KOMPAS.com - Meta memperkenalkan sistem kecerdasan buatan (AI) terbaru bernama Brain2Qwerty v2 baru-bari ini.
Sesuai namanya, ini adalah versi kedua dari teknologi yang dapat menganalisis aktivitas otak dan memprediksi huruf yang ingin diketik seseorang, tanpa memerlukan implan atau alat khusus yang dikenakan di kepala.
Brain2Qwerty v1 alias generasi pertama sendiri dipamerkan pada Februari lalu. Sebagai suksesor, Brain2Qwerty v2 diklaim semakin akurat dalam menerjemahkan aktivitas otak menjadi teks.
Versi terbaru AI "pembaca pikiran" Meta ini diklaim mampu mencapai tingkat akurasi hingga 78 persen, meningkat dibanding generasi sebelumnya yang hanya sekitar 48 persen.
Teknologi tersebut dikembangkan untuk membantu pasien yang kehilangan kemampuan berbicara akibat gangguan saraf, seperti amyotrophic lateral sclerosis (ALS), locked-in syndrome, maupun cedera otak.
Brain2Qwerty v2 bekerja secara non-invasif alias tanpa pembedahan.
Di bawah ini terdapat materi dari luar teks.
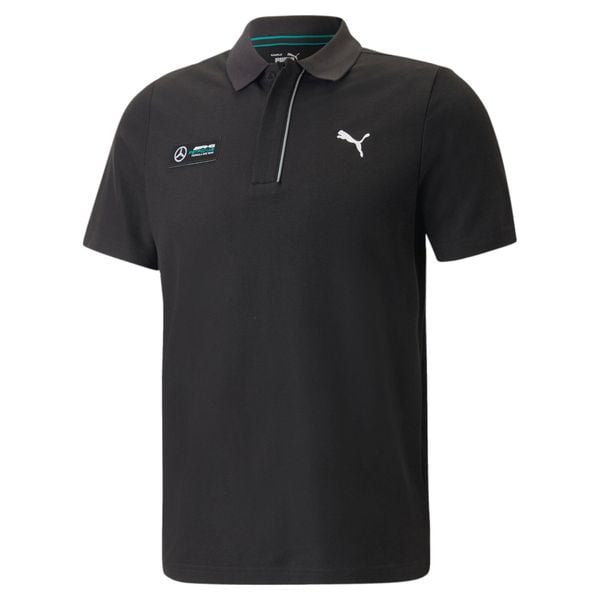Koszulka polo z krótkim rękawem męska Puma MAPF1. Czarne koszulki polo męskie Puma, l, bez wzorów, bez ramiączek. Za 178.99 zł.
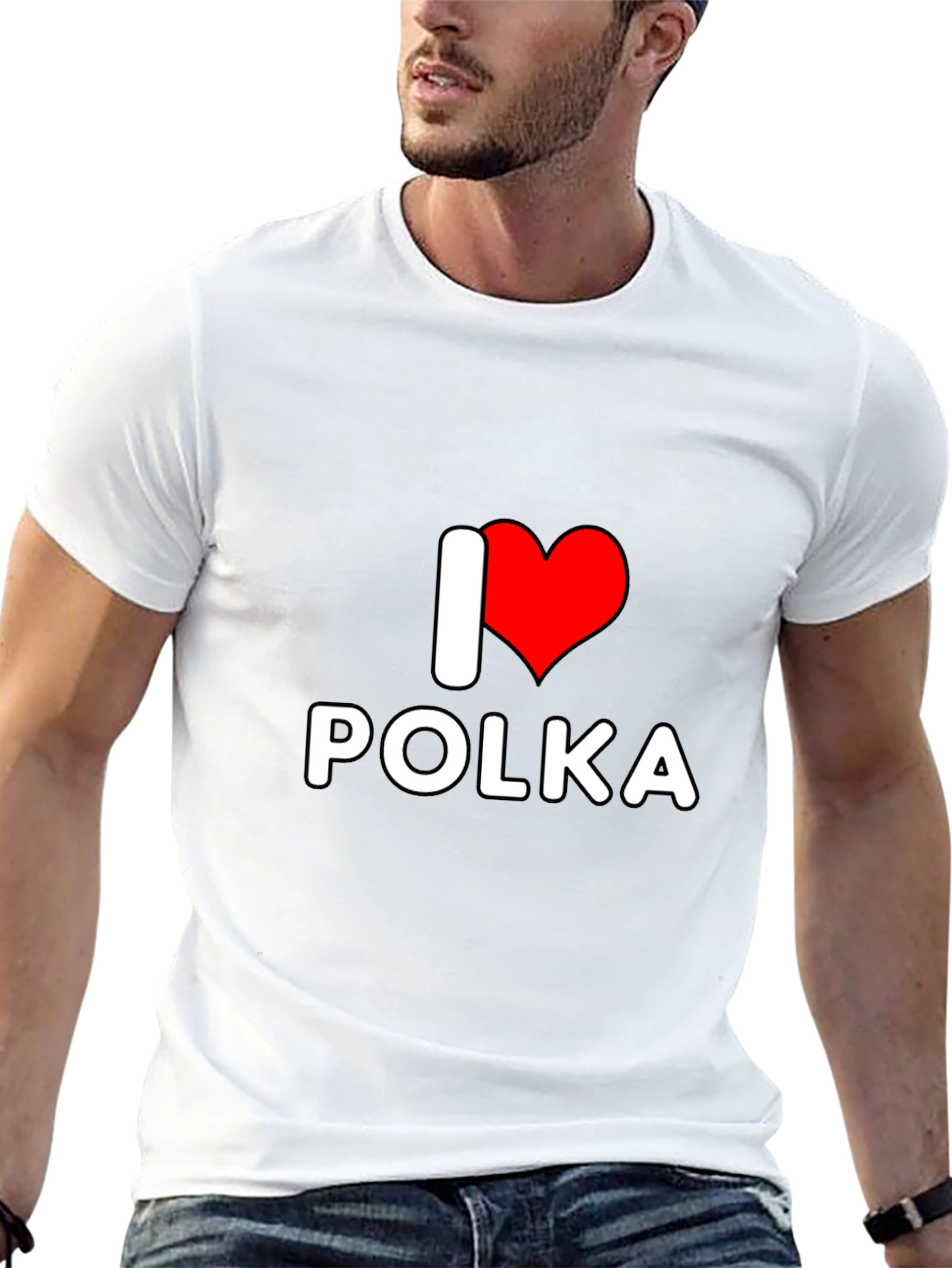 I Love Polka T-Shirt - Stylish Music Tee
Sistem hanya memerlukan alat pemindai otak berbentuk helm yang mampu menangkap aktivitas neuron dari luar kepala.
Ini berbeda dengan teknologi antarmuka otak-komputer (brain-computer interface/BCI), seperti Neuralink (perusahaan neuroteknologi milik Elon Musk), yang mengharuskan pemasangan chip melalui operasi.
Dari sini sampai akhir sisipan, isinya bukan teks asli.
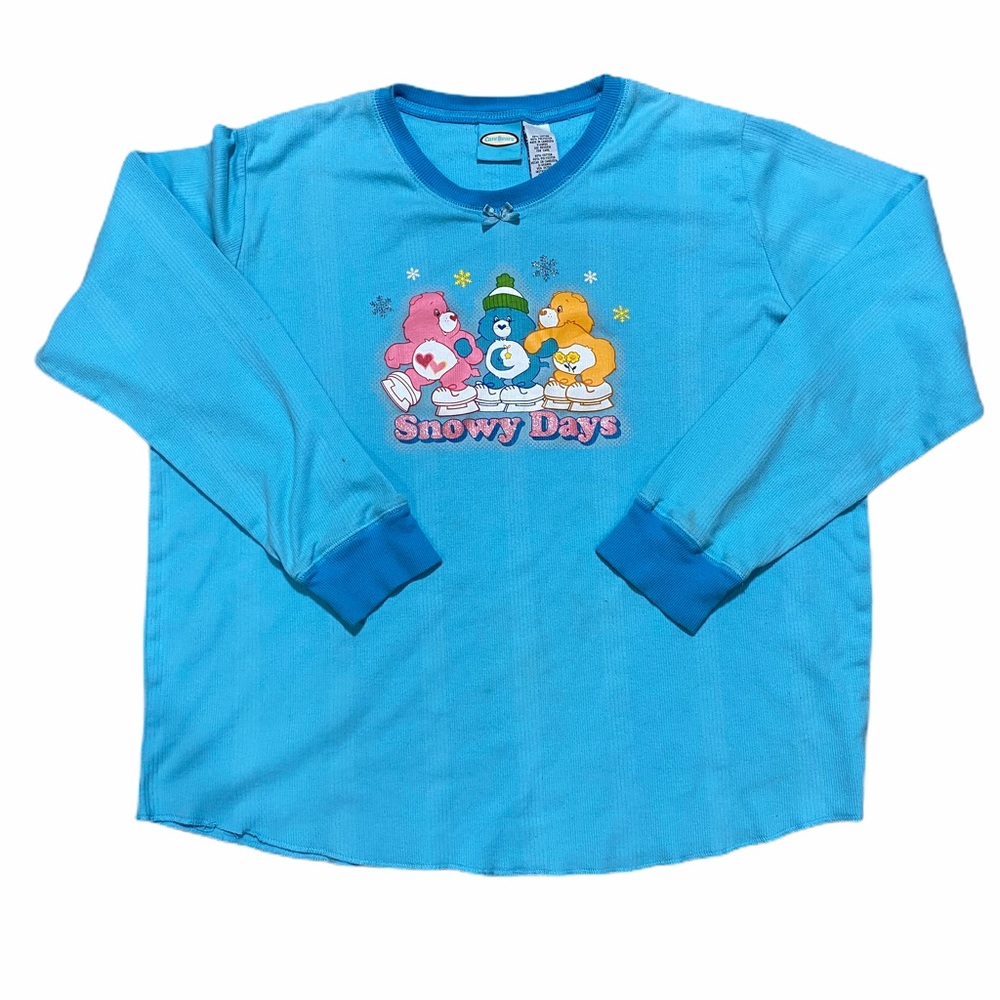 Vintage Care Bears 2005 “Snowy Days” Longsleeve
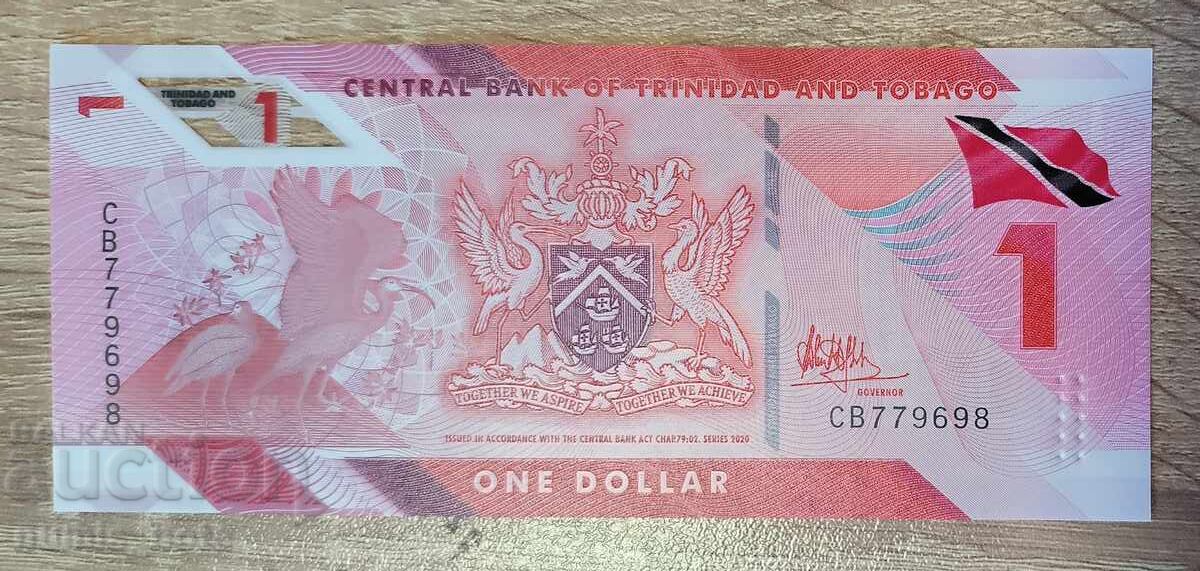 Trinidad and Tobago $1 2020 UNC
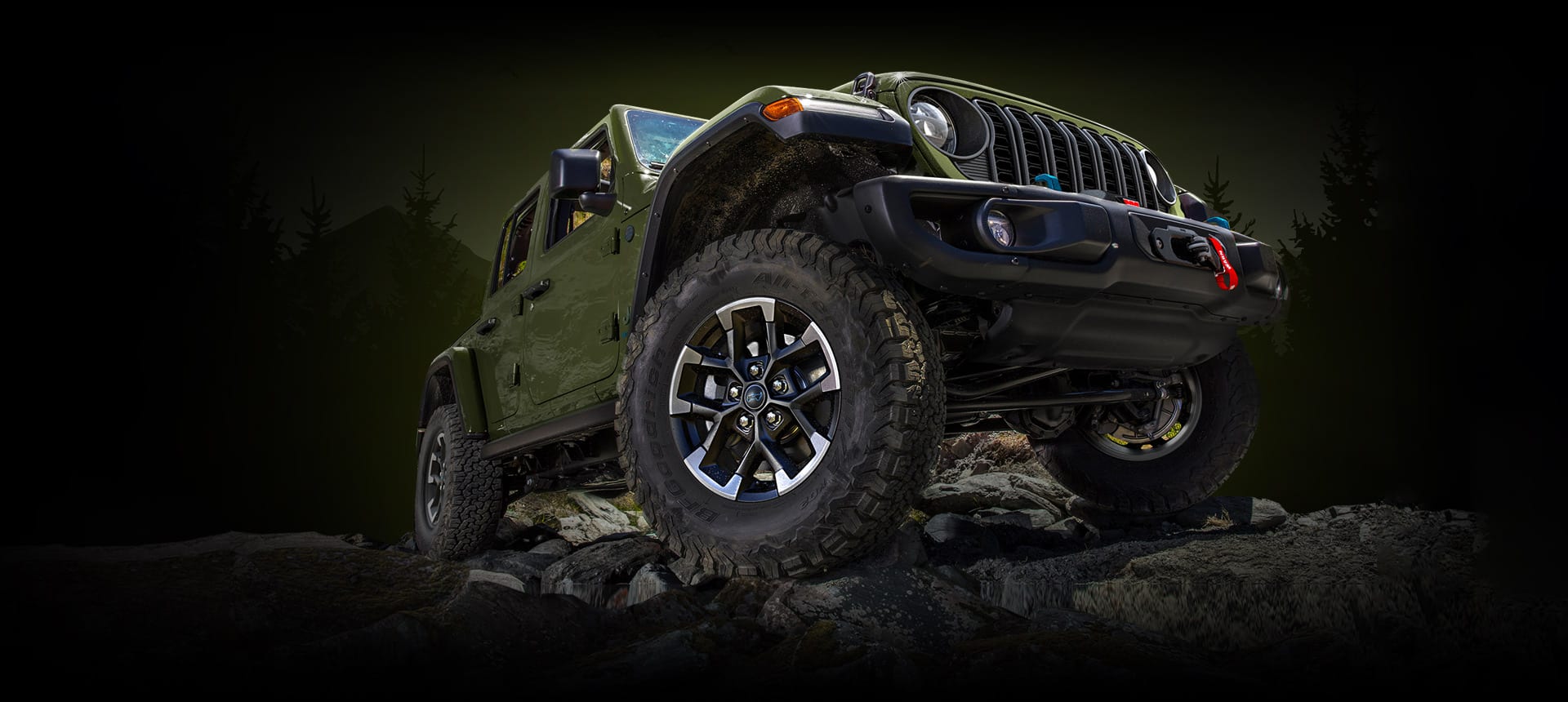Jeep Wrangler, праве переднє колесо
Untuk mengembangkan Brain2Qwerty v2, Meta bekerja sama dengan Basque Center on Cognition, Brain, and Language di San Sebastian, Spanyol.
Penelitian melibatkan 9 relawan sehat berusia 25 hingga 56 tahun. Selama sekitar 10 jam, masing-masing relawan diminta mengetik lebih dari 2.500 kalimat sambil mengenakan perangkat magnetoencephalography (MEG).
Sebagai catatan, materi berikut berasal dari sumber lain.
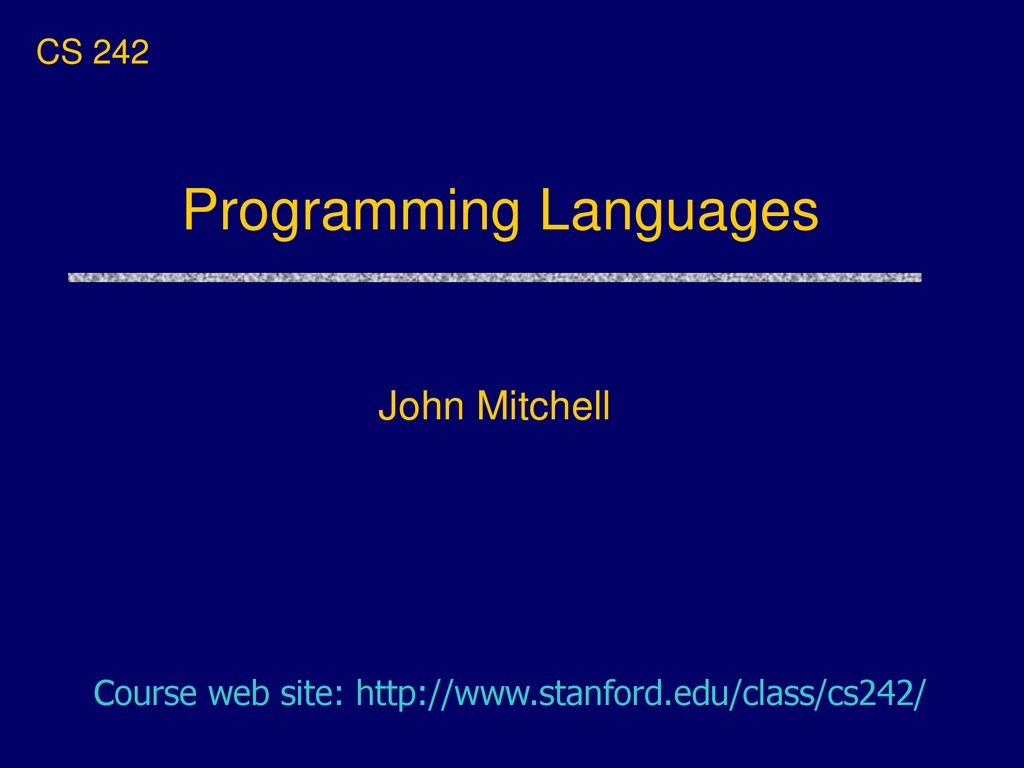 Programming Languages - ppt download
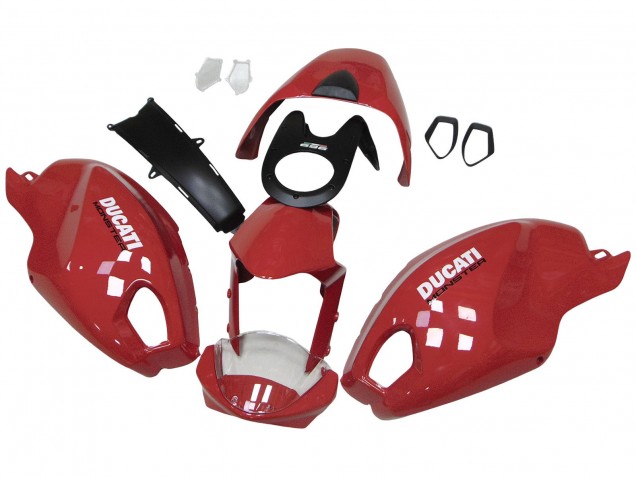Carenados Moto Ducati Monster 696 796 1100 1100S 2008-2012 - Rojo Blanco Baratos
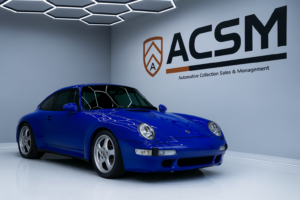 Porsche 993 Carrera in Scottsdale showroom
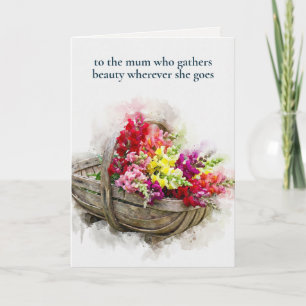 Watercolour Blooms   Snapdragon Fresh Mother's Day Holiday Card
MEG merupakan teknologi pemindaian otak yang mampu menangkap medan magnet sangat kecil yang dihasilkan aktivitas neuron tanpa harus menanam elektroda ke dalam otak.
Secara total, perusahaan yang didirikan oleh Mark Zuckerberg ini mengumpulkan sekitar 22.000 kalimat beserta data aktivitas otak yang kemudian digunakan untuk melatih model AI.
Akurasi diklaim tembus 78 persen
Dari pelatihan itu, Meta menyebut Brain2Qwerty v2 disebut membawa peningkatan besar dibanding versi pertama yang diperkenalkan tahun lalu.
Pada peserta dengan hasil terbaik, AI diklaim mampu mencapai word accuracy (ketepatan kata) hingga 78 persen. Artinya, lebih dari separuh kalimat yang diterjemahkan dari aktivitas otak hanya memiliki maksimal satu kesalahan kata.
Secara rata-rata, Brain2Qwerty v2 mencatat akurasi sekitar 61 persen, jauh lebih tinggi dibanding metode pembacaan aktivitas otak non-invasif lain yang rata-rata hanya mencapai sekitar 8 persen, menurut Meta.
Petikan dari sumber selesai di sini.